The free logic that captures these intuitions about term-denotations and truth-conditions is set out in my paper

Natural deduction for first order logic with identity, descriptions and restricted quantification’, in Contributed Papers of the 5th International Congress of Logic, Methodology and Philosophy of Science, London, Ontario, 1975, pp. I 51-2.

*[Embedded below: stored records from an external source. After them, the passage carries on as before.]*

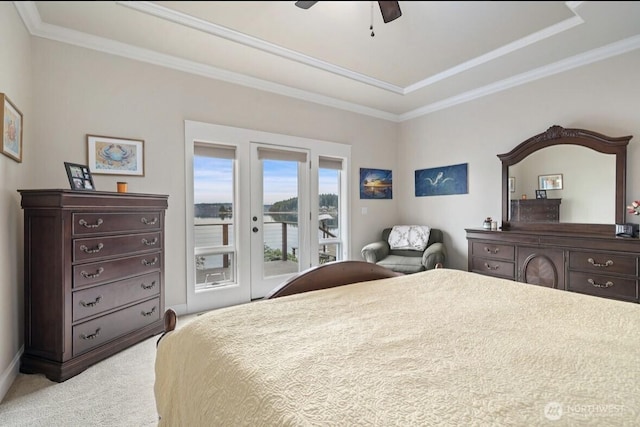 bedroom with a ceiling fan, light colored carpet, crown molding, and access to outside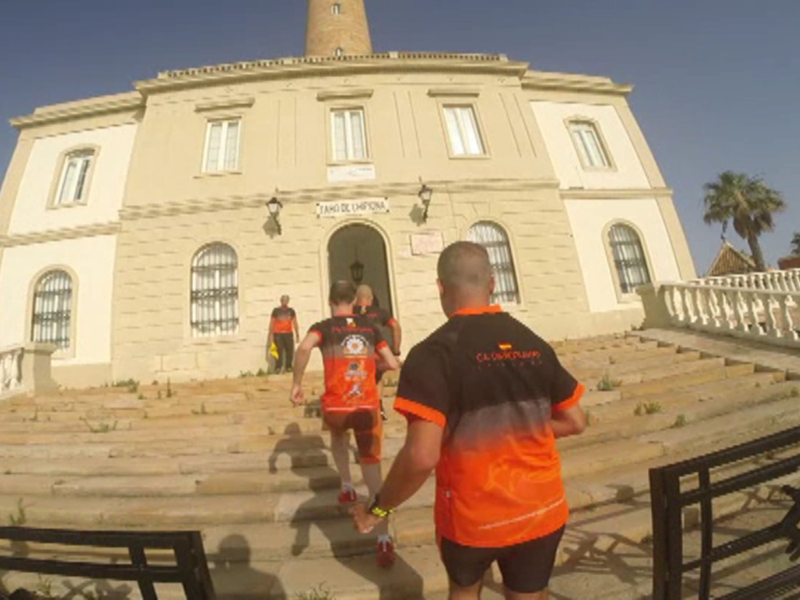 Atletas en camisetas de running subiendo las escaleras del Faro de Chipiona bajo un cielo despejado.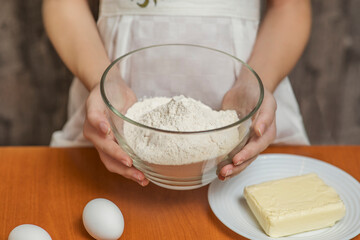 Girl holding a cup of flour in the kitchen. Homemade baking.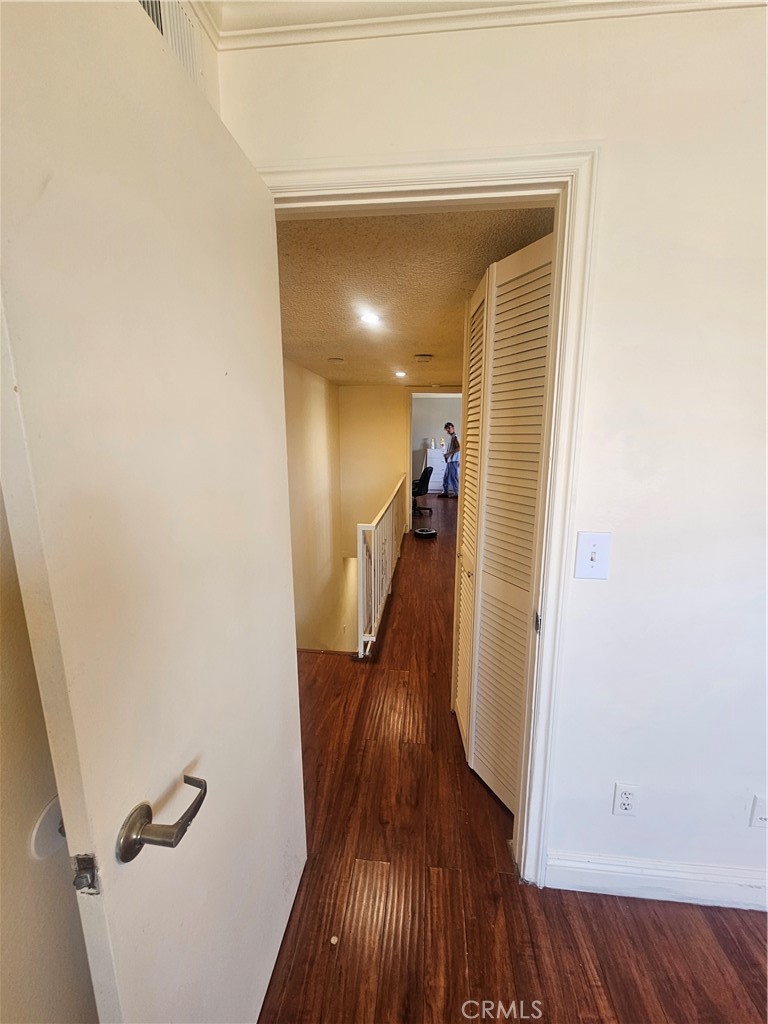 This property is a townhouse-style corner condo (Unit 15) in the Koreatown area of Los Angeles, built in 1974. It spans about 1,286 sq ft and offers 2 bedrooms and 3 bathrooms, designed across multiple levels for comfortable, private living.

See iterm 123 at https://u.osu.edu/tennant.9/publications/

Neil


________________________________________
From: fom-bounces at cs.nyu.edu [fom-bounces at cs.nyu.edu] on behalf of Harvey Friedman [hmflogic at gmail.com]
Sent: Monday, June 18, 2018 7:52 PM
To: Foundations of Mathematics; Larry Paulson
Subject: Re: [FOM] 820: Sugared ZFC Formalization/2

I respectfully have a different take on this, and the example you gave
of 1/0 = 10 and 1/0 not= 1/0 and not 1/0 = 1/0 being meaningless is a
perfect example for my approach.

I know how to convince mathematicians of the proper attitude towards this.

An atomic statement is automatically false if any sub term is
undefined. So 1/0 = 1/0 is meaningful and false, 1/0 not= 1/0 is
meaningful and false, and also not 1/0 = 1/0 is meaningful is true. I
will argue until the cows come home with them, and I claim that I have
done this sort of thing on occasion with some success - although if
you are interested, I will try to document this with them.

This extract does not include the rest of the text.